Psychological and Emotional Impacts of Future Faking
Future faking can cause significant emotional distress. When someone relies on promises that never materialize, it leads to confusion, disappointment, lowered self-esteem and co-dependency. The person being faked out starts to question their judgment or feels trapped in a cycle of hope and letdown. When confronted with their lies, the future faker is skillfully uses obfuscation. First, they gaslight, denying their partner's logic/reality. Then, they lovebomb their partner using a confusing mixture of lies laced with love and sex.
Emotional Effects
Confusion and Doubt: Victims often struggle to understand why promises are broken, leading to self-doubt.
Anxiety and Stress: The uncertainty about the future can cause ongoing anxiety.

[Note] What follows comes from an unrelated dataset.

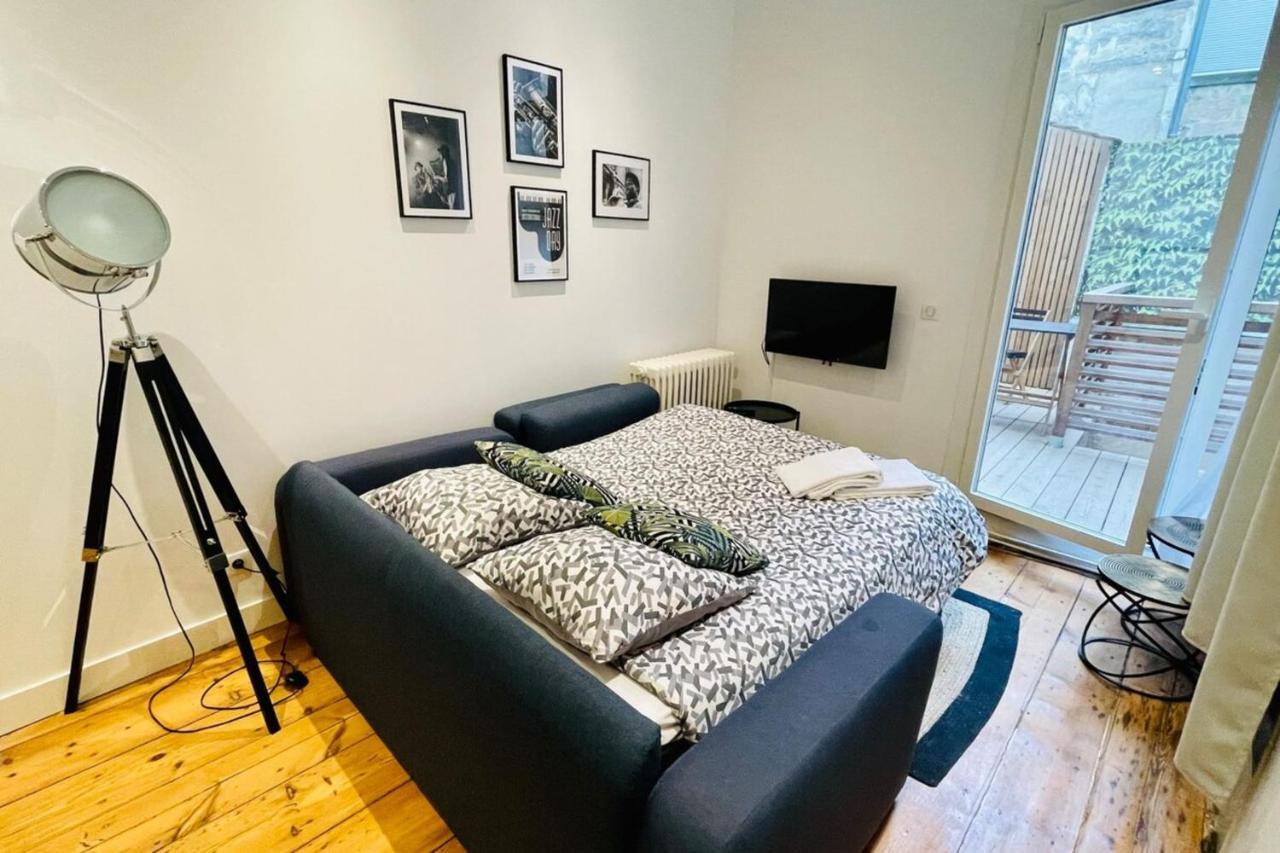 Nice Studio With Furnished Balcony In A Dynamic District Apartment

Loss of Trust: Repeated future faking damages trust in the partner and in people in general
Emotional Dependency: Victims may cling to the mixture of love and lies that creates false hopes, making it hard to leave the unhealthy situation
Academic Insights on Future Faking
Several studies have explored the dynamics of future faking and its role in manipulative relationships. Here are three key academic sources that shed light on this behavior:
The Role of Manipulation in Narcissistic Relationships
According to Campbell and Foster (2007), individuals with narcissistic personality traits often use future faking as a manipulation strategy. They create idealized visions of the future to attract and control partners, but these promises are rarely fulfilled. This behavior helps maintain the narcissist’s sense of power and control.
Impact on Emotional Well-Being
A study by Dutton and Painter (1993) examined the emotional effects of manipulative promises in abusive relationships. They found that victims of future faking experience heightened emotional distress and confusion and co-dependency, which can prolong their attachment to the abuser despite ongoing harm.
Cognitive Dissonance and Future Faking
Festinger’s theory of cognitive dissonance is seminal research (1957) which explains the psychological dynamic of why victims continue to believe in false promises.
When reality conflicts with expectations, people experience discomfort and may rationalize or deny the truth to reduce this tension. In addition, the faker usually creates an irresistible mixture of love and lies that make walking away difficult. Hearing promises over and over again, even if they don't come to fruition, reinforces the dysfunctional relationship bond. These dynamics of emotional defensiveness, rationalization, mixed with love and sex, help explain why future faking can trap individuals in unhealthy relationships.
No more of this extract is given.